Het is deze laatste observatie die we later in dit artikel nog zullen tegenkomen bij de risico’s van een inbreuk op privacy.

In het vervolg van dit artikel wil ik dan ook dieper ingaan op de gevolgen die inbreuken op onze privacy kunnen hebben, zowel direct materieel als ook voor onze samenleving als geheel.

Het Panopticon

Ik heb eerder een citaat van Bloustein aangehaald wat voor mij centraal staat wanneer we het hebben over de gevolgen van inbreuken op onze privacy.

Bloustein stelt dat wanneer onze handelingen en gedachten constant openbaar en zichtbaar zijn we onze individualiteit kwijtraken. We verliezen onze uniciteit en gaan op in de massa. Als je gezien wordt, pas je je aan, zowel in gedrag en in gedachtes.

We kennen allemaal het risico om op de voorgrond te treden: al je daden liggen direct onder een vergrootglas, en je zult gevraagd worden er verantwoording over af te leggen.

We hebben in het Nederlands niet voor niets het spreekwoord “Wie zijn hoofd boven het maaiveld uitsteekt, die wordt zijn kop afgehakt”. Soortgelijke spreekwoorden komen we ook tegen in andere talen, zoals het “Tall Poppy Syndrome” in het Engels.

Bovenstaande voorbeelden gaan over mensen die vrijwillig op de voorgrond treden, zoals bijvoorbeeld artiesten, politici en bedrijfsleiders. Ook al zien we ook daar voorbeelden waar zij duidelijk last hebben van misplaatste inbreuken op hun privacy, toch kunnen we op zijn minst stellen dat zij met open ogen in de belangstelling getreden zijn.
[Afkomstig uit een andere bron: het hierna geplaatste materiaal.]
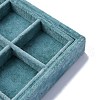 Removable Velvet Jewelry Organizer Display Trays for Earrings Necklaces Rings CON-R030-04C-2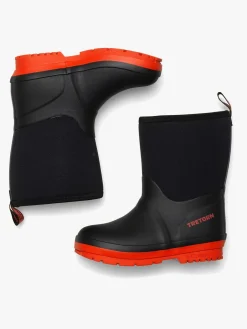 Gummistøvler|Tretorn Kuling Neoprene Forede Gummistøvler, Black/Burnt Henna Sort/Brun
Dat is anders als het de gemiddelde persoon betreft. Wat gebeurt er wanneer die op soortgelijke manier in de publieke belangstelling terecht komt, zonder dat hij of zij daarom gevraagd heeft?

Daarvoor moeten we een paar eeuwen terug in de tijd.

In 1787 schreef de Britse filosoof Jeremy Bentham het boek “Panopticon, or The Inspection House”[iv]. In dit boek beschrijf Bentham een nieuw ontwerp voor een gevangenis. Deze nieuwe gevangenis is cirkelvormig, en alle cellen zijn doorzichtig aan de kant die naar het centrum van het gebouw wijst. Op deze manier is het mogelijk om in het midden slechts één bewaker te hebben die alle gevangenen in de gaten kan houden. Het is in Benthams ontwerp niet mogelijk voor de gevangenen zelf om de bewaker te zien, waardoor het niet nodig is om überhaupt een bewaker aanwezig te hebben. Het feit dat zij denken dat ze in de gaten gehouden worden is genoeg om hetzelfde effect te bereiken als daadwerkelijk geobserveerd te worden.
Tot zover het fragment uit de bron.